Porringer Gray vs White Dove
Both are Benjamin Moore colors. Porringer Gray reads as blue-grey, while White Dove reads as beige-greige — two distinct hue families, not close cousins. At LRV 83 vs 57, White Dove will read as the brighter of the two — a 26-point gap that matters most in north-facing or low-light rooms. The tonal difference — Porringer Gray's blue character against White Dove's yellow — becomes most visible against white trim or in morning light. At ΔE 15.1, these are genuinely distinct colors — a strong contrast if used together, or a meaningful choice between two different directions. Below you'll find 2 real-room photo comparisons where both colors appear side by side, plus 5 simulated room previews.

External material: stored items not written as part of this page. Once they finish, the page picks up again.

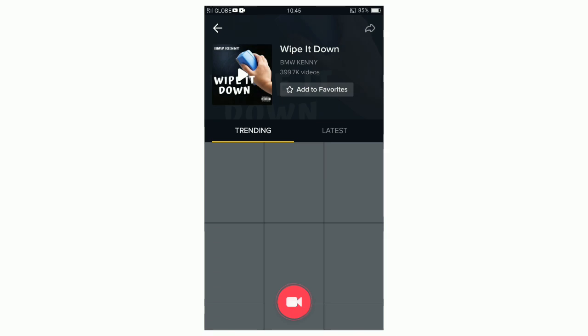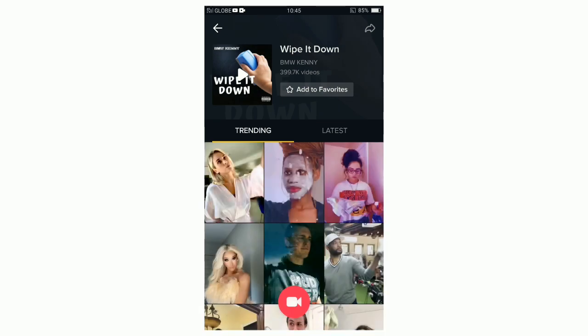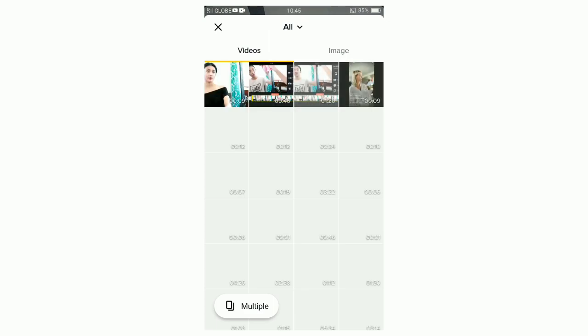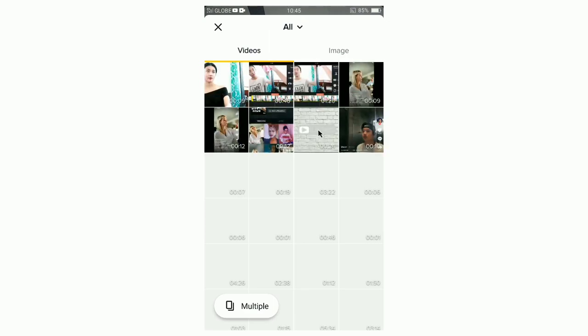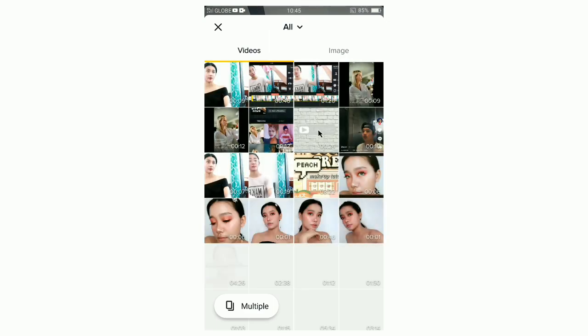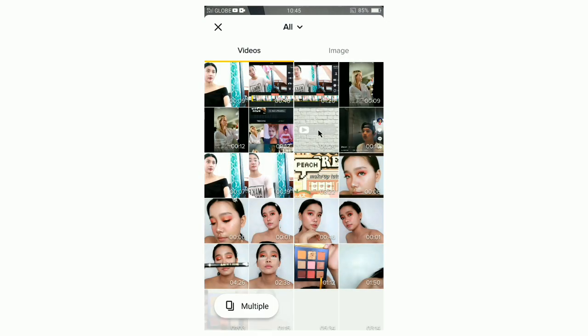Go to the TikTok app, select the Wipe it Down challenge, then upload your clips.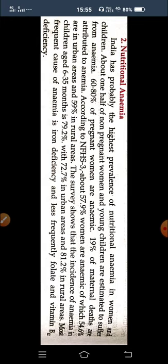The most frequent cause of nutritional anemia is iron deficiency, followed less frequently by folate deficiency and vitamin B12 deficiency. Iron deficiency is the leading contributor to increased anemia cases.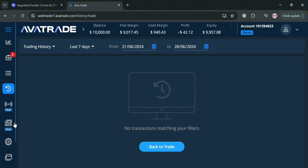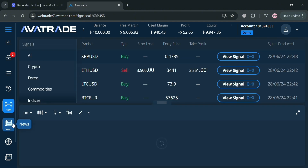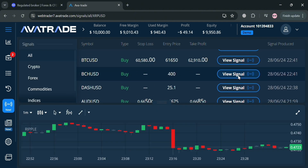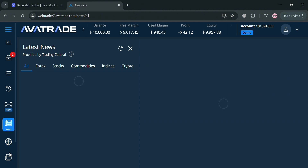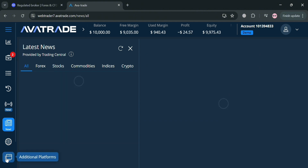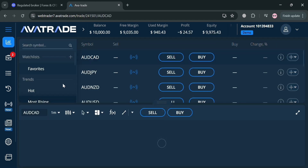Under 'History,' it will show all of your activity, transactions, and trading history — such as for the last seven days, month, or even a year. You can also navigate the 'Signals' option on the left side panel, which helps traders by providing actionable buy and sell suggestions to identify trading opportunities in real time. Under 'News,' clicking on it shows the latest news for different instruments and assets, including forex, stocks, commodities, indices, crypto, and many more.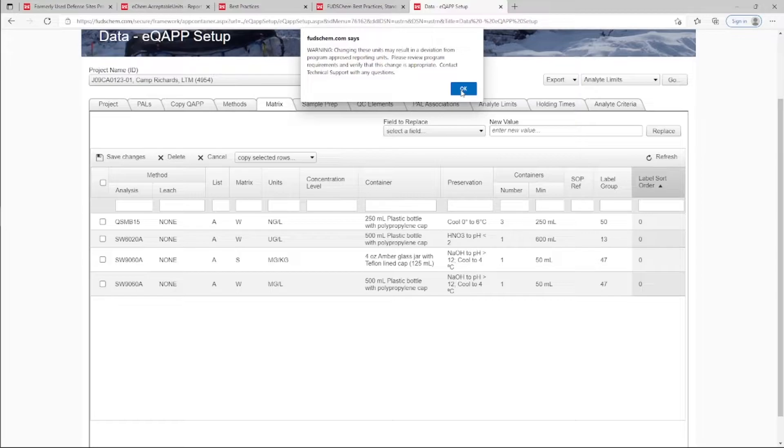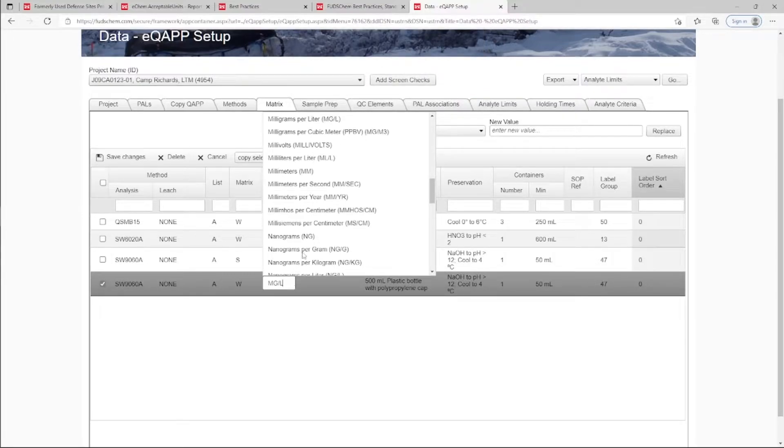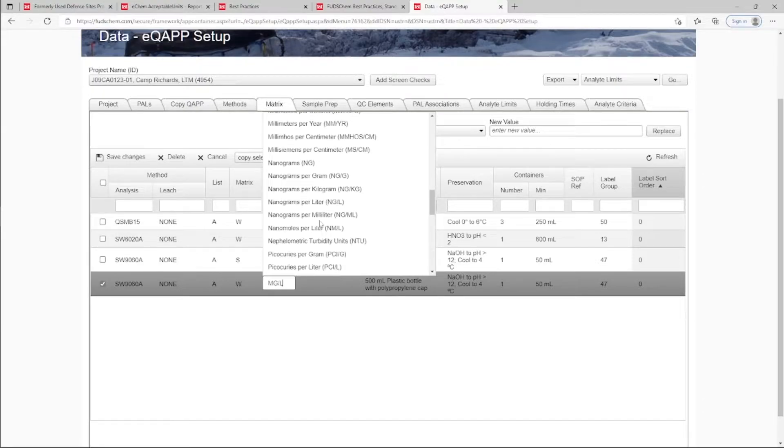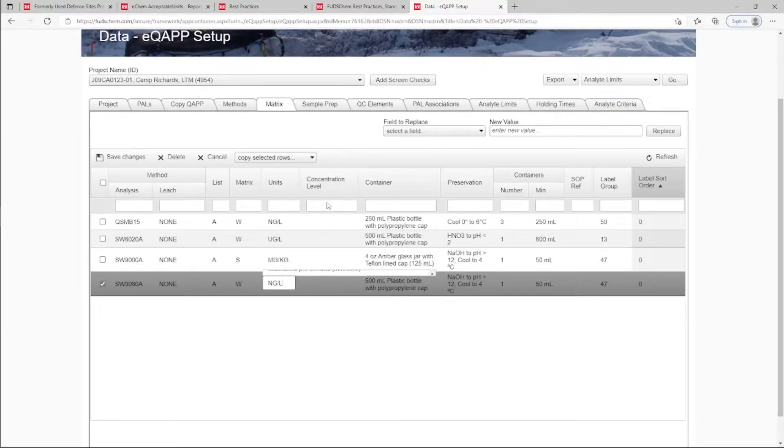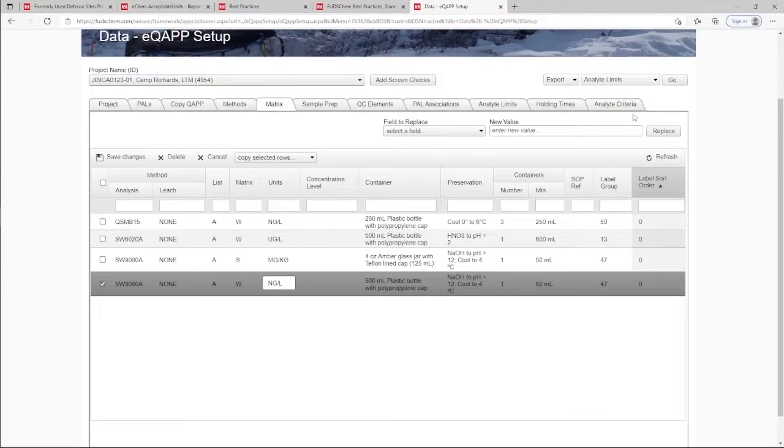In the case that updating the units is necessary and appropriate, the user can proceed with the update. For more information on the various tabs of the EQUAP Setup tool, please refer to our EQUAP Tutorials playlist, which is linked in the description.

Porringer Gray vs White Dove in Real Spaces
2 real rooms side by side. Seeing Porringer Gray and White Dove in actual rooms makes the difference concrete; browse the spaces below to get a feel for how each color lives on a wall.
Bedroom
Bedroom walls are often seen under warm artificial light, a context that shifts both colors from how they look on a chip. The LRV gap is large enough that White Dove will make the room feel meaningfully brighter than Porringer Gray would.
Kitchen Cabinets
On cabinetry, undertone and temperature become more pronounced against countertops and hardware. The LRV gap is large enough that White Dove will make the room feel meaningfully brighter than Porringer Gray would.
Color Details
Porringer Gray vs White Dove Simulated Comparison
5 simulated room previews — drag the slider on each to see Porringer Gray on one side and White Dove on the other.
Digital color is approximate. These simulations are generated from the manufacturer's hex values and overlaid on grayscale room photos — your screen's calibration, brightness, and viewing angle all affect how they render. Before committing to either color, test physical samples in your own space under the light you actually live with.
More Porringer Gray comparisons
See how Porringer Gray stacks up against other well-photographed colors across different brands and tones.